◎ジェイド・タブレット-外典-10-6
◎1.死のプロセスと成道と中有行きの分岐-2
◎呼吸停止、心拍停止、肉体離脱
ケン・ウィルバーは、チベット死者の書の人間が死に行くプロセスを意識の深化の段階の材料の一つとして使っているが、それだけのものではない。チベット死者の書の、同じクンダリーニ・ヨーガのテキストとしての違いは、死の世界を正面から捕らえて見せたところが違うのである。
つまり空海の十住心論にしても仏教十界説にしても漫然と読めば、単に仏になるためのカリキュラムの目次にしか見えないが、実はその各ステップの半分以上は死の世界の修行のことを語っているのである。ところが、意識が死の世界と縁遠い一般民衆にはまずそれとは気づかれることはない。
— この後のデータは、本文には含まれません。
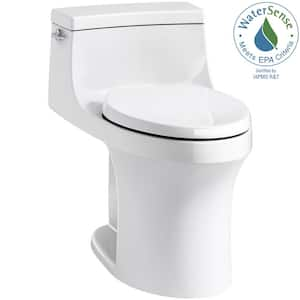 San Souci 12 in. Rough In 1-Piece 1.28 GPF Single Flush Elongated Toilet in White Seat Included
チベット死者の書は死者の臨終シーンから始まるので、それと思い当たるが、死の世界のことを詳述するのは、実は他のクンダリーニ・ヨーガのテキストでもよく見かけることなのである。たとえばアストラル・トリップなどは、死の世界そのものであり、そのトリップの途中では、死者によく出会うものである。
チベット死者の書では、呼吸が停止し、五感が機能しなくなり、肉体から離脱し、原初の光たる光明に出会う8段階を駆け上っていく。
その8段階とは、、(1)陽炎 (2)煙 (3)蛍 (4)燈明 (5)顕明 (6)増輝 (7)近得 (8)光明
となる。
『呼吸停止、心拍停止、肉体離脱』と並べれば、脱身による窮極突入へのプロセスと同じなのだが、この辺に何か重要なものが隠されている。